Autone avait proposé qu’elle se fasse sur la Vagabonde, ce que Liv avait accepté sans discuter, bien qu’ils demeurent tous les deux dans la maison familiale par ailleurs. Il supposa que le navire constituait un “terrain neutre” et permettrait d’éviter que l’un ou l’autre ne se sente envahi dans ses appartements, ou au contraire mal à l’aise de se trouver dans ceux de l’autre.

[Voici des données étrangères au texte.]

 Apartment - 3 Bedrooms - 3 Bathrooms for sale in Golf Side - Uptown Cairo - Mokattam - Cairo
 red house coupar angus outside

Il n’avait pas fait d’effort particulier sur sa tenue, si ce n’était passer des vêtements propres et aussi peu froissés que possibles, et il espérait qu’elle ne lui en tiendrait pas rigueur. Ce n’était, à ses yeux, pas un manque de respect envers elle, mais simplement une façon de se montrer tel qu’il était plutôt que de chercher à l’impressionner. Toutefois, ne voulant pas arriver les mains vides, mais n’ayant pas le temps de trouver un cadeau approprié, il avait pris la peine de faire un détour pour cueillir quelques fleurs qui poussaient en bordure de la ville.

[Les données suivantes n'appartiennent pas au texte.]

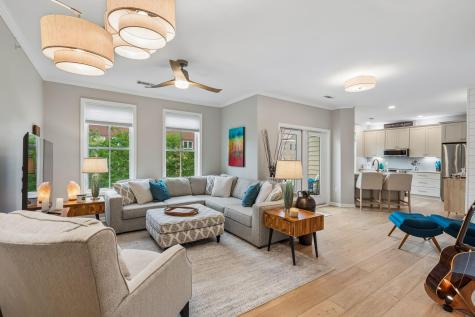 250 Seven Farms Drive Charleston SC 29492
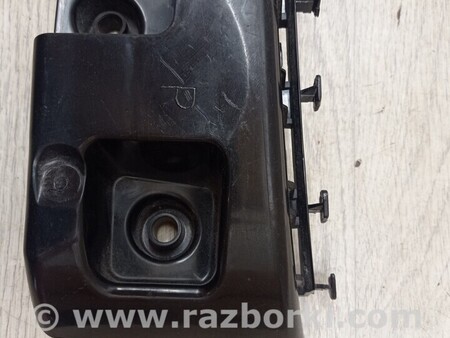 ФОТО Кронштейн кріплення направляюча заднього бампера правий для Mercedes-Benz B-klasse Киев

Il se sentait un peu idiot désormais, avec son pauvre bouquet dépareillé dans les mains, mais c’était trop tard pour changer d’avis : il arrivait au port. On lui indiqua qu’Autone était déjà là, et son escorte resta à quai avec d’autres gardes de la famille déjà présents tandis qu’il montait à bord. Sans l’être autant qu’avant sa première rencontre avec Ilhan, il se sentit un peu nerveux. Le retour sur le navire lui rappela le temps qu’il y avait passé, et les mauvais souvenirs qu’il évoquait, mais il les chassa fermement, se concentrant sur le bruit de ses pas sur le pont, sur la sensation de Brise d’Argent à son côté.